Dataset excerpt →
——
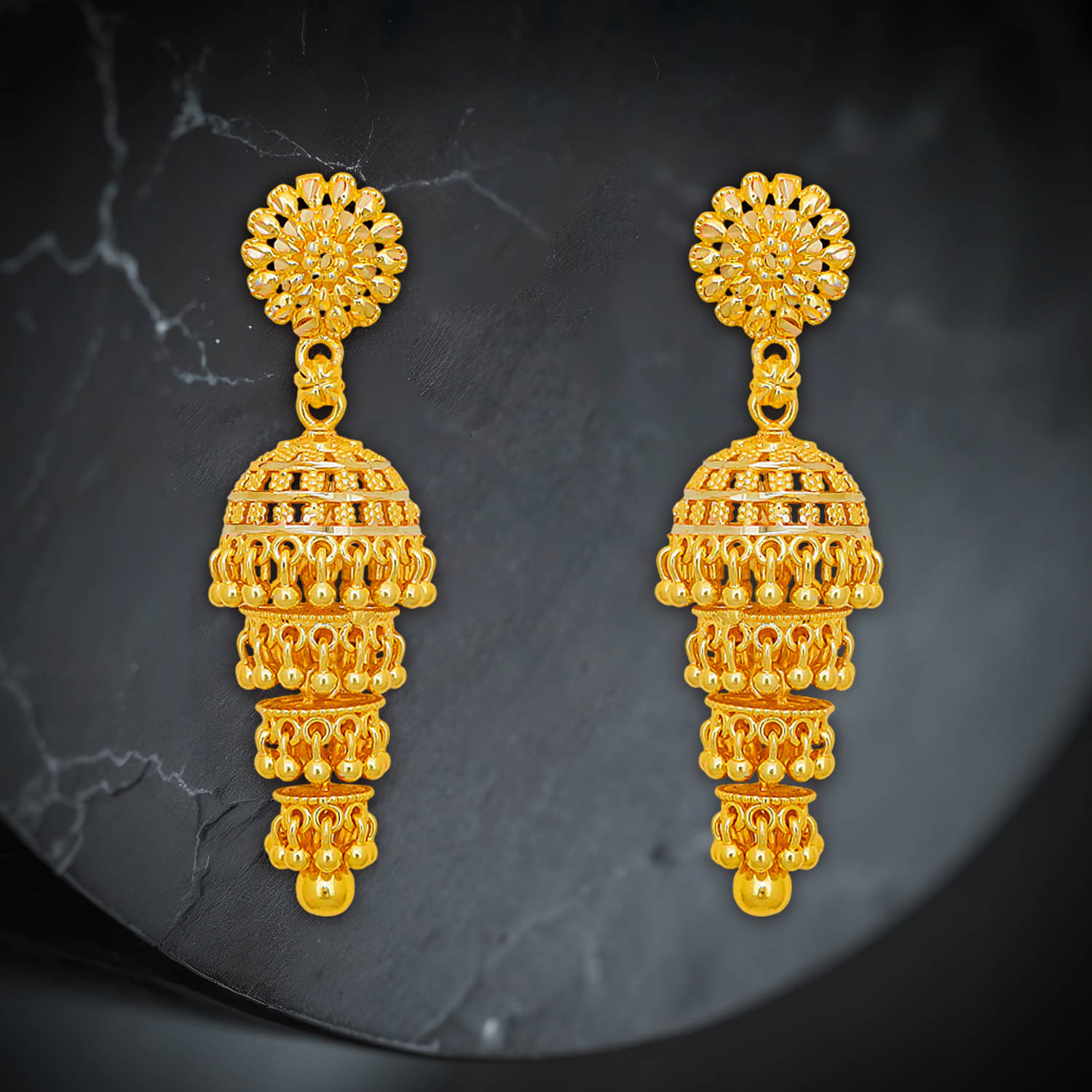     			Drashti Collection Golden Jhumki Earrings ( Pack of 1 )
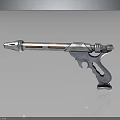 Futuristic Sci-Fi Weapon Silver Metallic Gun Design With Reflective Barrel And Grip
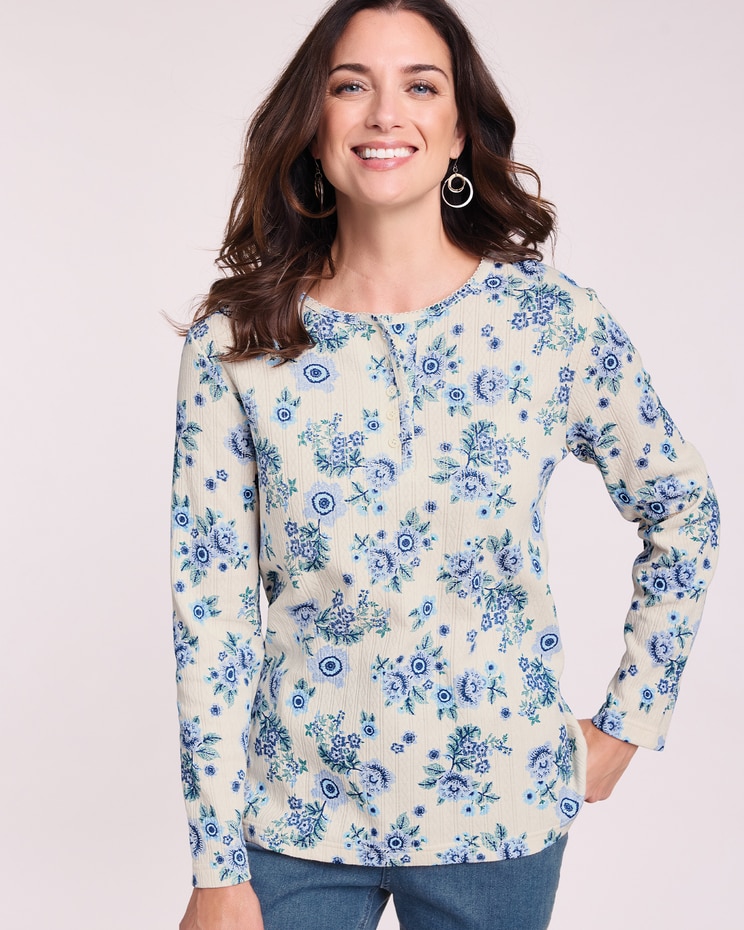 Print Long Sleeve Pointelle Henley Top image number 3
——
About this task → Print the listing exactly, but skip its pictures.

Result of this exercise →
     			Drashti Collection Golden Jhumki Earrings ( Pack of 1 )
 Futuristic Sci-Fi Weapon Silver Metallic Gun Design With Reflective Barrel And Grip
 Print Long Sleeve Pointelle Henley Top image number 3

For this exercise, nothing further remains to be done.